住みやすい街に住みたいという人が増えるものの、受け入れられる人数に上限があることで居住に対する競争が生まれて不動産価格が上昇します。
このサイクルを繰り返す地域は資産価値の減少が発生しにくく、売却・賃貸・相続のどの出口戦略でも検討しやすくなります。
高性能な住宅を取得する
高性能な住宅は価値の減少が緩やかで売却しやすく、相続しても価値のあるものを受け継がせられます。
日々建築技術は向上しており、取得する人の家に対する意識も高まっています。数十年後の住宅事情にも対応できるような高性能な住宅を取得すれば、売却や賃貸できる可能性が高いといえるでしょう。
なお、高性能な住宅とは長期優良住宅や低炭素住宅、ZEH水準の住宅など省エネ住宅を指します。

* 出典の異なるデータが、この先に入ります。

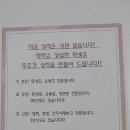 더공부하는학원
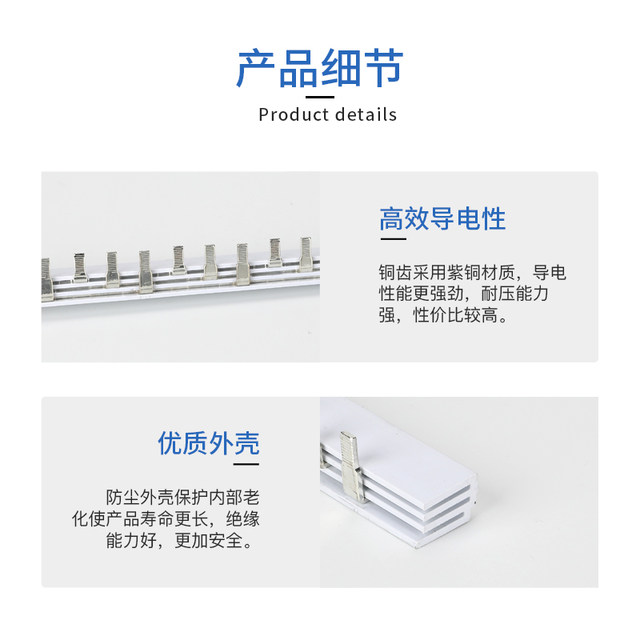 Electrical Busbar 3P32/40/50/63/100/150A Circuit Breaker Wiring Connection Copper Busbar Comb-Shaped Busbar Nc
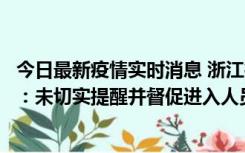 今日最新疫情实时消息 浙江桐庐通报一娱乐场所管理人被拘：未切实提醒并督促进入人员扫码核验，一到访者确诊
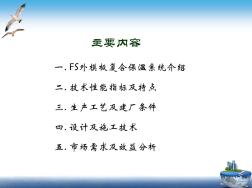 外模板現(xiàn)澆混凝土復(fù)合保溫系統(tǒng)介紹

省エネ住宅は長期間居住することを前提に設計されており、メンテナンスのしやすさを追求したり、耐久性の高い建築材料で建築されたりしているため一般的に寿命が長いといわれています。
独特な間取り・デザインを採用しない
居住性にこだわりすぎ、独特な間取りやデザインを採用すると売却や賃貸がうまくいきません。
不動産は、需要と供給のバランスによって価格が増減します。いくらよい立地にある新築戸建て住宅だとしても、住む人を限定するような間取りやデザインでは需要が低下して価格も下落するかもしれません。

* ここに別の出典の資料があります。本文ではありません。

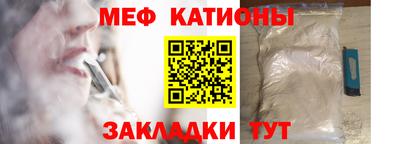 гидропоника Новодвинск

たとえば、まったく間仕切りのない広大なスペースや、浴槽が必要ないと考えシャワースペースしか設けないなどです。特殊なスペースは万人受けしないため、需要が低くなると考えておくとよいでしょう。
新築戸建て住宅における出口戦略を検討するときの注意点
出口戦略を検討するときに注意すべきポイントは、以下の3つです。
- 居住性を考慮する
- 家族に適した立地を選ぶ
- 頭金を貯蓄しておく
注意点を理解すれば、適切な出口戦略を策定できるはずです。
居住性を考慮する
新築戸建て住宅を取得する際には、まず居心地のよい住宅かどうか判断しましょう。
生活動線がしっかりしておらず毎日の洗濯干しで重量のある衣類を1階から2階まで運ばなければならない、リビング横の寝室でうるさくて眠れないなど生活するなかで不満が溜まります。

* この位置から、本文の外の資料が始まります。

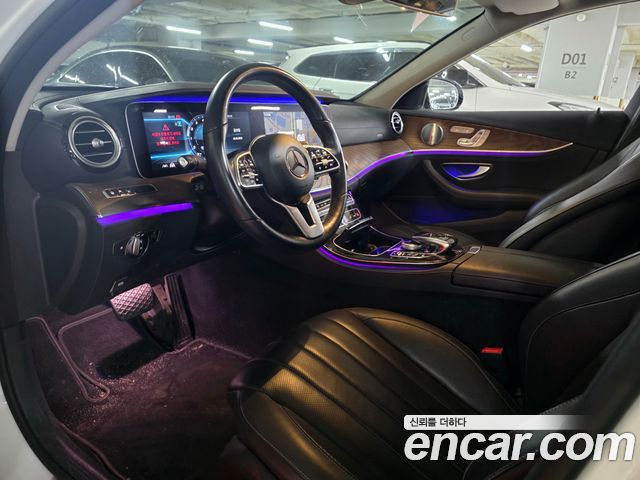 Mercedes-Benz E-Class E300 4MATIC Exclusive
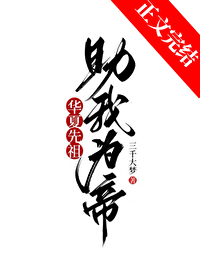 磨H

いくら駅前の資産価値が高い新築戸建て住宅だとしても、日々の生活に不満を抱いてしまっては意味がありません。出口戦略を立てるなら、不動産価値だけでなく居住性まで考慮しておく必要があります。
家族に適した立地を選ぶ
出口戦略は家族のことも考えて検討しましょう。
たとえば、資産価値を考えるのであれば、主要駅周辺の利便性が高い立地の新築戸建て住宅を取得したほうがよいと考えられます。しかし、主要駅の周辺は繁華街になっていることが多く、騒音が発生したり治安が悪かったりするかもしれません。小さい子どもがいる家庭や、静かな場所に住みたい人にとっては生活に適さないおそれがあります。
家族に適さない立地で出口戦略を検討した場合、家族に不満が溜まってしまったり、危険な目にあわせたりする可能性もあると考えておくことが大切です。
頭金を貯蓄しておく
出口戦略を成功させるために、頭金を貯蓄してなるべく住宅ローンの借入額を減らしましょう。
資産価値の高い立地を選択したり、高性能な住宅を取得したりすると購入・建築費用が高額になりがちです。取得費用が身の丈にあっていないと、高額な住宅ローン借入額となって滞納する原因となります。
また、住宅ローンの残額が資産価値よりも多いと売却できず、そもそも住宅ローンが少しでも残っていると賃貸物件にすることもできません。
このように住宅ローンは出口戦略に大きな影響を与えるため、頭金を用意してなるべく早く完済する計画を立てましょう。
まとめ
不動産を取り巻く環境は日々変化しており、現在は住まいだけでなく資産として保有する方が増えています。資産として保有するなら出口戦略を検討しなければならず、不動産価値が高い物件の特徴を理解していかなければなりません。
また、資産性だけを考慮して出口戦略を検討しても成功しないため、居住性の高い不動産や家族に適した建物は何か検討したうえで実行しましょう。総合的に判断すれば、よりよい出口戦略を立てられるはずです。